Among preretirement job-related variables, supporting role theory, retirees work role identity (e.g., Matthews & Brown, 1987; Quick & Moen, 1998; Reitzes & Mutran, 2004) is negatively related to retirement transition and adjustment outcomes, whereas work stress (e.g., Wang,
2007), psychological and physical job demands (e.g., Quick & Moen, 1998; Wang, 2007), job
challenges (e.g., van Solinge & Henkens, 2008), job dissatisfaction (e.g., Wang, 2007), and
unemployment before retirement (e.g., Marshall, Clarke, & Ballantyne, 2001; Pinquart &
Schindler, 2007) is positively related to retirement transition and adjustment outcomes.
Among family-related variables, supporting the life course perspective, married retirees
usually adjust better than single or widowed retirees (e.g., Pinquart & Schindler, 2007), but this
beneficial effect disappears when their spouses are still working (e.g., Moen, Kim, &
Hofmeister, 2001; Wang, 2007). Retirees with happier marriages (e.g., Rosenkoeter & Garris,
1998; Szinovacz & Davey, 2004; Wang, 2007) and fewer numbers of dependent children (e.g.,
Kim & Feldman, 2000; Marshall et al., 2001) are more likely to achieve better retirement
adjustment outcomes. Finally, van Solinge and Henkens (2008) showed that losing a partner
during the retirement transition had negative impact on retirement satisfaction.
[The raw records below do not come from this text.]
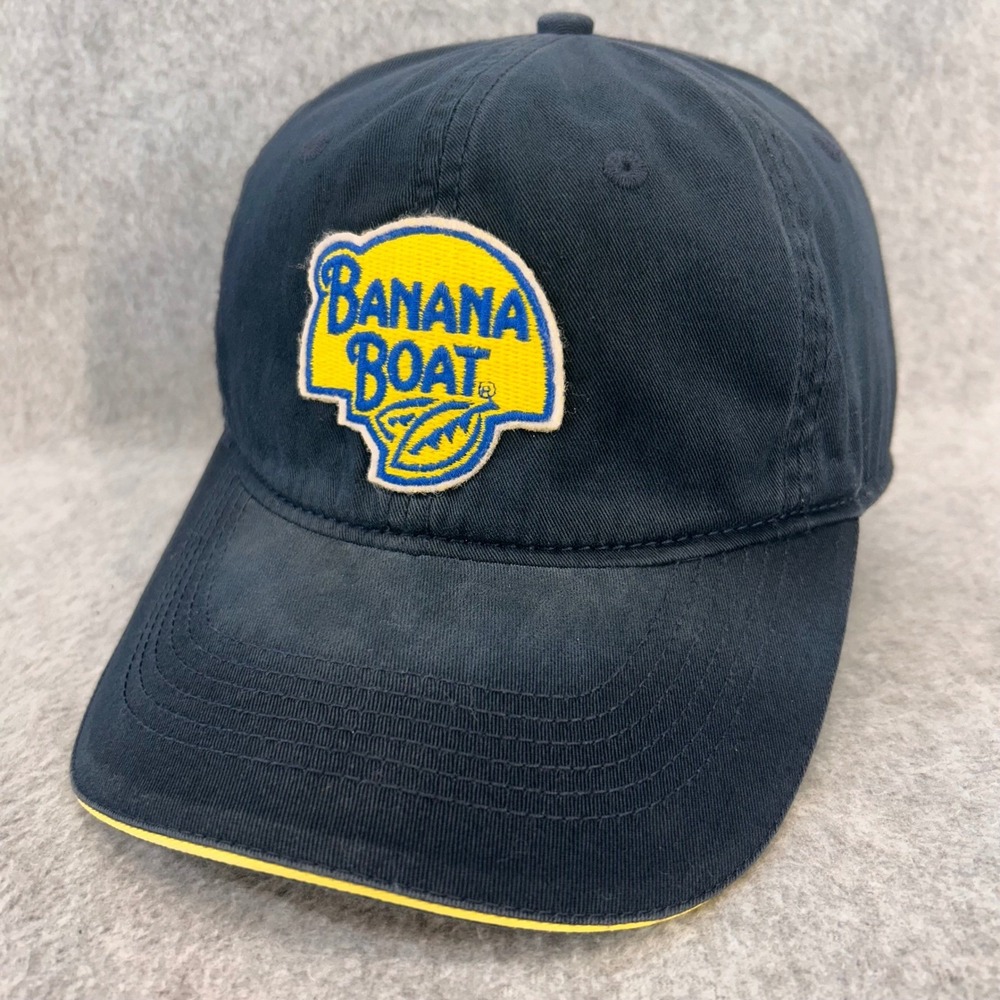Banana Boat Logo Men Navy Falcon Hat UVA UVB Protection Strapback OSFM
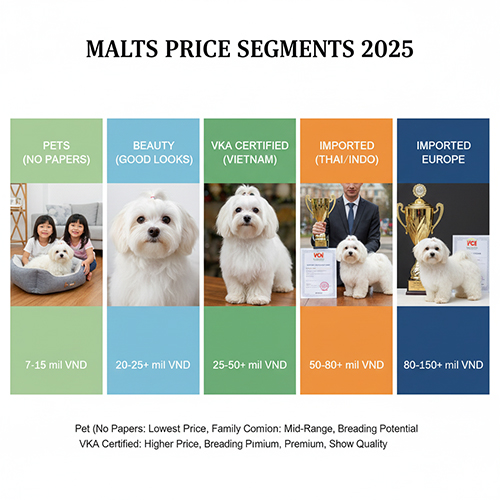 Bảng giá chó Maltese theo phân khúc: pet không giấy, đẹp phom, VKA, nhập Thái/Indo và nhập châu Âu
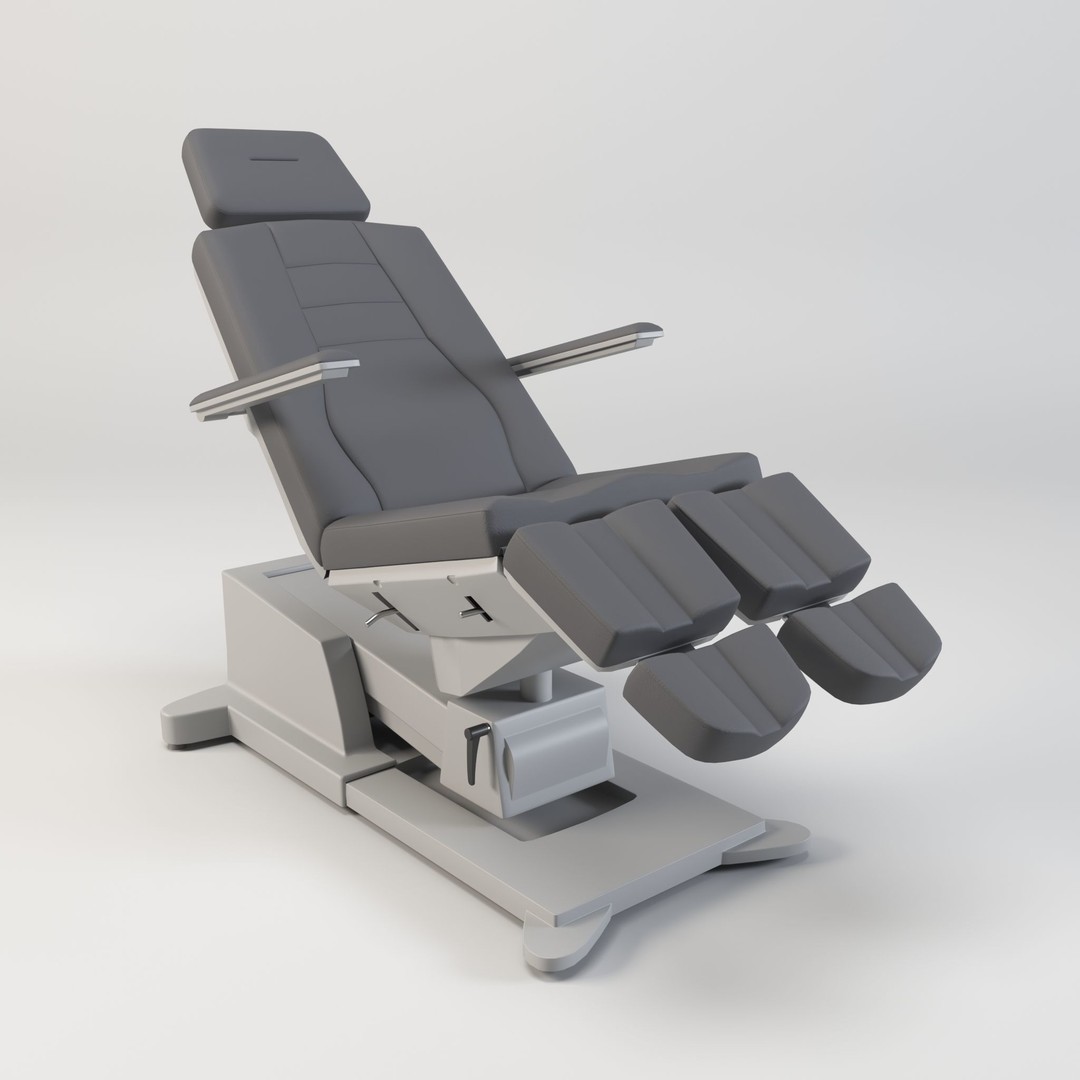 Podiatry Examination Chair 3D Model – Low Poly Medical Asset, FBX - View 3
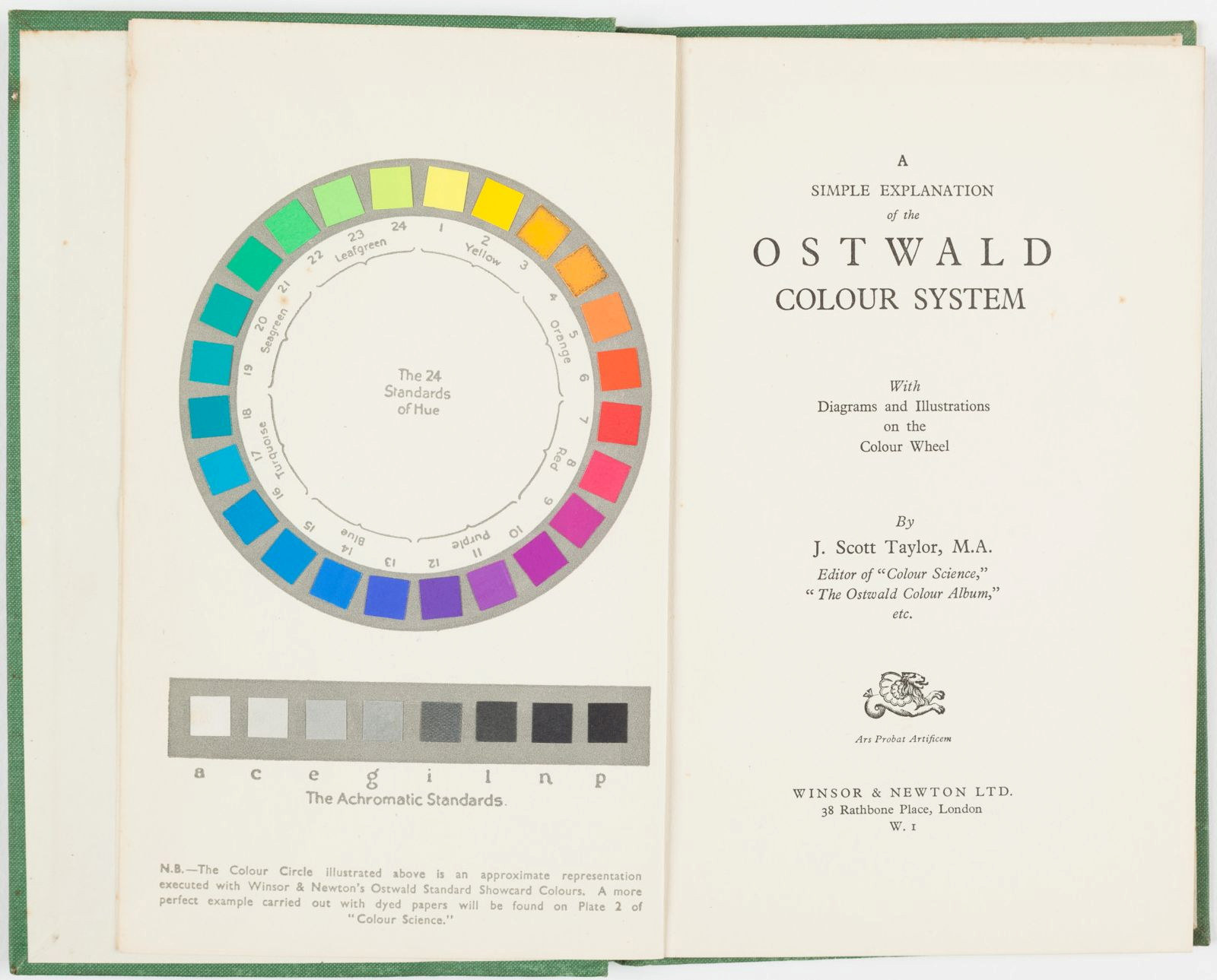 Colour chart and title page in 'A simple explanation of the Ostwald colour system' by J. Scott Taylor, 1935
Among retirement transition-related variables, supporting continuity theory, the voluntariness of the retirement (e.g., Gall et al., 1997; Reitzes & Mutran, 2004; Shultz et al., 1998;
van Solinge & Henkens, 2007, 2008) and retirement planning (e.g., Elder & Rudolph, 1999;
Reitzes & Mutran, 2004; Rosenkoeter & Garris, 2001; Wang, 2007) are positively related to
retirees retirement satisfaction, life satisfaction, and well-being. Retiring earlier than
expected is negatively related to retirement transition and adjustment outcomes (e.g., Quick
& Moen, 1998; Wang, 2007). Quick and Moen (1998) also showed that different retirement
motivations led to different levels of retirement satisfaction. Specifically, retiring for health
care reasons negatively related to retirement satisfaction, whereas retiring to do other things
and to receive financial incentives positively related to retirement satisfaction.
Among postretirement activities, bridge employment (e.g., Kim & Feldman, 2000; Wang,
2007; Zhan et al., in press), volunteer work (e.g., Dorfman & Douglas, 2005; Kim &
Feldman, 2000; Smith & Moen, 2004), and leisure activities (e.g., Dorfman & Douglas,
2005; Dorfman & Heckert, 1988; Kim & Feldman, 2000; Reeves & Darville, 1994) are
positively related to retirement transition and adjustment outcomes. Furthermore, retirees
anxiety associated with maintaining their social status and social contacts via social activities
was negatively related to retirement satisfaction (e.g., van Solinge & Henkens, 2007, 2008).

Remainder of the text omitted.